Configuring the Worker⚓︎

After implementing your TaskHandler, you need to configure the worker to use it. This is done in the main configuration file (typically etc/config.yaml, or the path specified by the CONFIG_FILE_PATH environment variable). The SubscriptionManager component automatically discovers and subscribes your handlers to specific topics based on this configuration.

General structure of configuration file⚓︎

  • topics: This section maps topic names (which your BPMN tasks will publish to) to your handler classes.
    • Each key is a topic name (e.g., my_custom_task_topic).
    • For each topic, you must specify:
      • module: The fully qualified Python module path to your handler class (e.g., worker.custom.tasks).
      • handler: The class name of your handler (e.g., MyCustomTaskHandler).
  • handlers: This section provides specific configurations for individual TaskHandler implementations.
    • Each key is the class name of a handler (e.g., MyCustomTaskHandler).
    • Inside each handler’s configuration, you can define key-value pairs. These values are accessible within that handler using self.get_config("your_key").

Configuration for example workflow⚓︎

This sections provides the part of the configuration to bind our worker implementation to the tasks we defined in the BMPN model. The full configuration file can be found here.

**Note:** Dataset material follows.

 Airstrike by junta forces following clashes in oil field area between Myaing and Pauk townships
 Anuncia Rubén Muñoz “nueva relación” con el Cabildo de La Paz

# Bind the workflow steps defined in BPMN to a worker implementation by Job topic name
topics:
    tutorial_discover_items:                        # Job topic name defined in the BPMN for this task
        module: "worker.tutorial.tasks"             # Path to the .py file containing the handler implementation, dot-separated
        handler: "TutorialDiscoverItemsTaskHandler" # Name of the handler class
        lock_duration: 300000                       # Example: 5 minute lock duration for this task
        retries: 3                                  # If the task fails, the BPMN engine will retry 3 times
    tutorial_process_item:
        module: "worker.tutorial.tasks"               
        handler: "TutorialProcessItemTaskHandler"     
        lock_duration: 300000                         
        retries: 3                          

# Provide configuration specific to each handler, if needed
handlers:  
    TutorialDiscoverItemsTaskHandler:
        service_url: "https://my.api.service.com/v1/process"
        default_timeout_seconds: 60

How it Works⚓︎

  1. The SubscriptionManager starts up.
  2. It reads the topics section from the config.yaml.
  3. For each topic entry, it dynamically imports the specified module and retrieves the handler class.
  4. It instantiates your handler class. The handlers dictionary from the config is passed to the TaskHandler’s constructor. The TaskHandler.init method then filters out the configuration relevant to its specific class name.
  5. The manager subscribes this handler instance to the specified topic, ready to process incoming jobs.

Workflow Integration⚓︎

Tasks implemented as TaskHandlers are invoked by an external system, the BPMN engine Operaton. In your BPMN model, you would define an “External Worker task”. The “Job topic” you configure for this external task in the BPMN model must match one of the topic names defined in your topics configuration (e.g., my_custom_task_topic).

When the workflow reaches such an external task, the engine publishes a job to the topic specified in the BPMN model. The worker, listening on that topic, picks up the job and delegates it to the configured TaskHandler for execution.